• Number2018
    550
    What was Socrates vs. Callicles battle about? Was that the war that wise and noble philosopher waged against sinister and unprincipled sophist? However, after scrupulous consideration, we can find that it was actually Callicles who brought the rigorous reasoning and conscientious arguments, whereas Socrates, seemingly defending his thesis “doing injustice is worse than suffering injustice”, aggressively applied a variety of sophistic techniques and resources. He systematically substituted Callicles’s arguments with other, lower ones. Thus, he turned a desire as a productive and active drive into an endless pleasure’s chasing. Yet, it looks like Socrates himself was obsessed by the desire to win by any cost. Don’t we see nowadays a triumph of desire over pleasure? The triumph of active and constructive force over passive and reproductive? But even if one would argue that pleasure (in Socrates’s sense) is dominating, anyway, today we live in Callicles’s world and not in Socrates’s.
  • bert1
    1.8k
    I can't remember The Sophist (is that the right one?) very well from my A-levels, but I do remember thinking Callicles' arguments in favour of might being right were stronger than Socrates' opposing reasoning.
  • gloaming
    128
    A triumph of desire over pleasure? Hardly. Hedonism is the force majeure of modern thinking, as I see it. Self indulgence is a pressure, to be sure, but it's mostly as an end-state that it is manifested in an ocean of tattooed skin, piercings, dyed hair, possession of the latest techno-gadgets, an internet awash in selfies in stills and video, forgetting carbon footprint in favour of 'skip the dishes' door-to-door prepared meals, and a number of other self-indulgences.

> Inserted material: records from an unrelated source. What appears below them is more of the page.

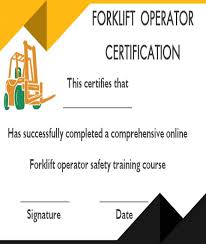 Take our free forklift operator certification test in training to earn your card with fci's online class. Certification Card Template Zomya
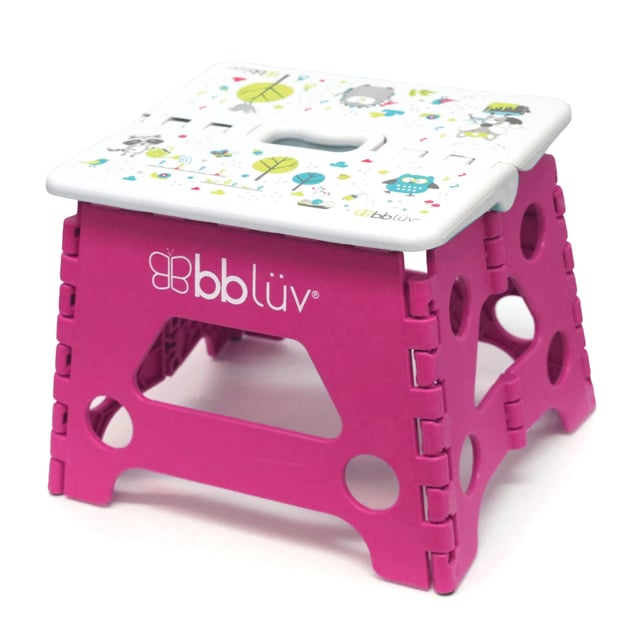 bblüv Badrumspall hopfällbar Barn Rosa
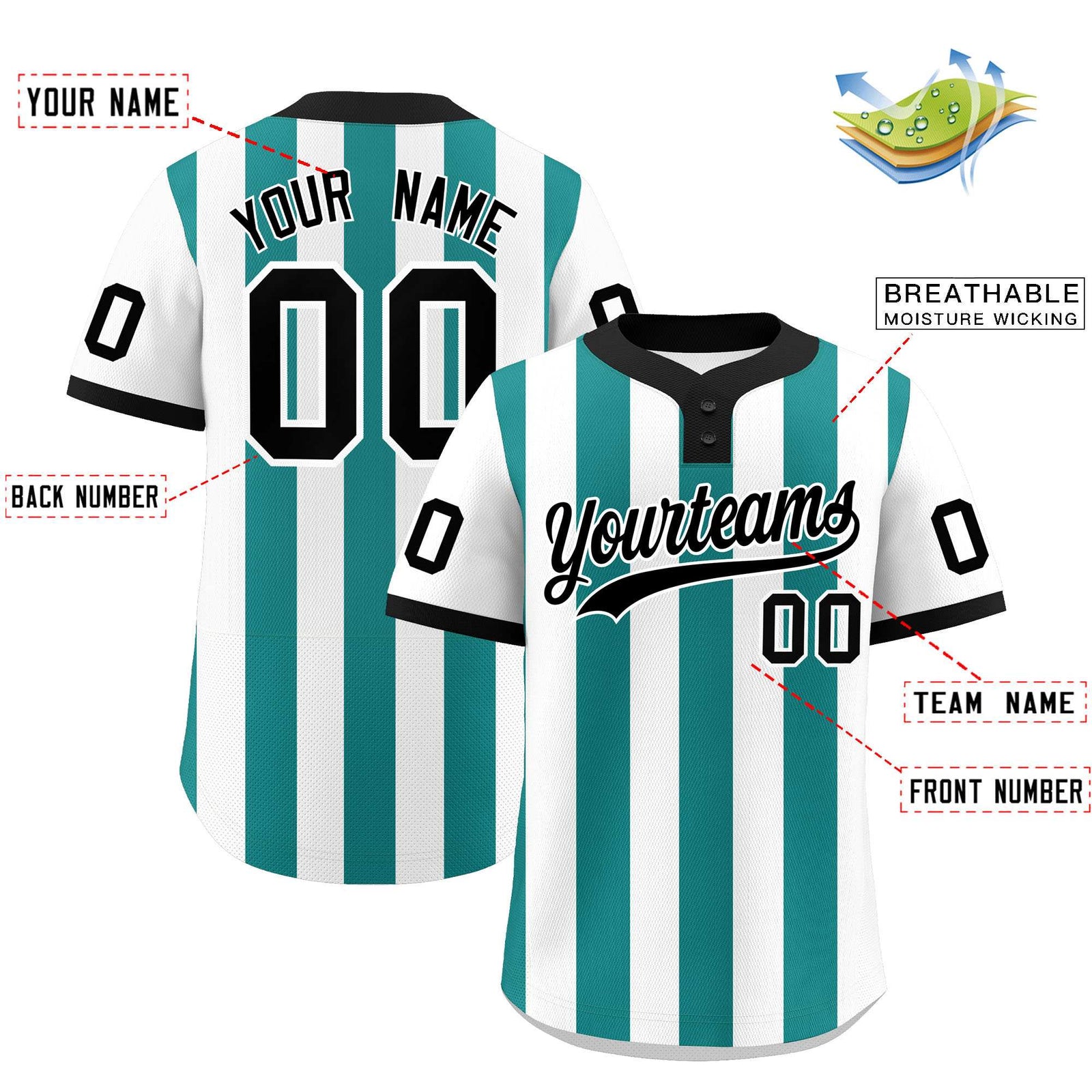Custom White Aqua Stripe Fashion Authentic Two-Button Softball Jersey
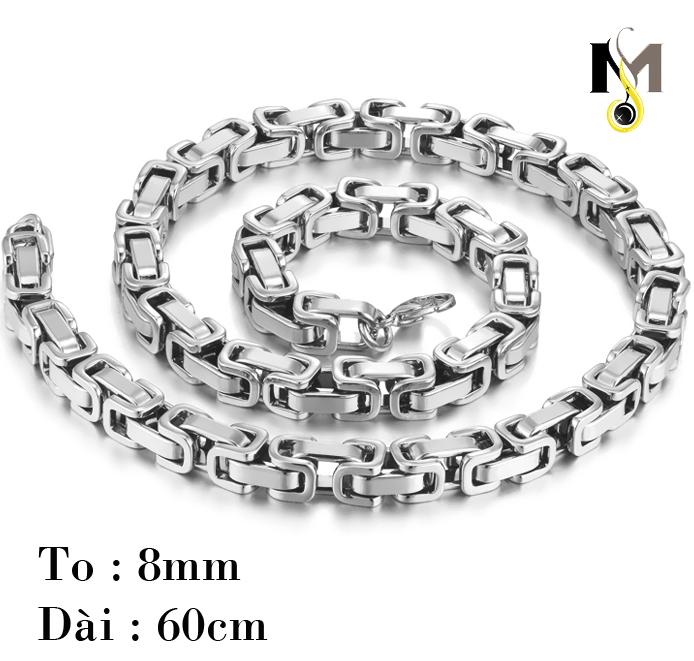 Dây chuyền Inox nam 8mm không đen, không rỉ sét - Nam tính, thời trang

    I am going to side with Socrates. There is no suffering but that it is initiated in a mind capable of administering it. Prima facie, the doer is worse than the sufferer. We all suffer in some way, even apparently unjustly. But life is transitory, whereas 'our story', our legacy, or what is left of us after we did, will suffer the ignominy of having done the injustice. Those whose legacy can lay claim to have suffered are going to be much better off in the long run for having endured it or having succumbed to its ravages.
  • Marchesk
    4.6k
    Those whose legacy can lay claim to have suffered are going to be much better off in the long run for having endured it or having succumbed to its ravages.gloaming

    And they'll still be just as dead as everyone else. How will they be better off for having suffered? Because someone might write a sympathetic history of their woes? Or because the gods of the afterlife when show them more mercy?
  • gloaming
    128
    What does death have to do with the topic?
  • Marchesk
    4.6k
    I thought you were talking about death when you said:

    But life is transitory, whereas 'our story', our legacy, or what is left of us after we did, — gloaming

    If not, then you're saying those of us who suffer will be better off later on in life then those who caused the suffering (I take it by being mindless consumers)?
  • Number2018
    550
    A triumph of desire over pleasure? Hardly. Hedonism is the force majeure of modern thinking, as I see it. Self indulgence is a pressure, to be sure, but it's mostly as an end-state tgloaming
    We disagree just in terms: Hedonism is based on a desire,
    and self-indulgence is a pleasure. If you write that self-indulgence is a pressure, that means that it is a result of the more fundamental process, causing an endless pleasure-chasing.
  • Number2018
    550
    I am going to side with Socratesgloaming
    Don't you think that Socrates was using his thesis just as a pretext? Indeed, he was obsessed by the desire to win by any cost.
  • gurugeorge
    514
    Hedonism is based on a desire,
    and self-indulgence is a pleasure.
    Number2018

    Hedonism is generally understood as a philosophy that sets the pursuit of pleasure (understood in the sense of pleasures that are sensorily gratifying, ecstatic, etc.) as the primary ethical goal.
  • Number2018
    550
    Hedonism is generally understood as a philosophy that sets the pursuit of pleasure (understood in the sense of pleasures that are sensorily gratifying, ecstatic, etc.) as the primary ethical goal.gurugeorge
    I replied to gloaming, who wrote:"
    Hedonism is the forcegloaming
    ".
    If we consider again Socrates's thesis:"doing injustice is worse than suffering injustice”,
    it was deciphered recently by Deleuse and Guattari as "Where one believed there was the law, there is, in fact, desire and desire alone. Justice is desire and not law."
  • gloaming
    128


    Okay, I see that I typed 'did' instead of 'die.' Sorry for not seeing my error sooner and correcting myself.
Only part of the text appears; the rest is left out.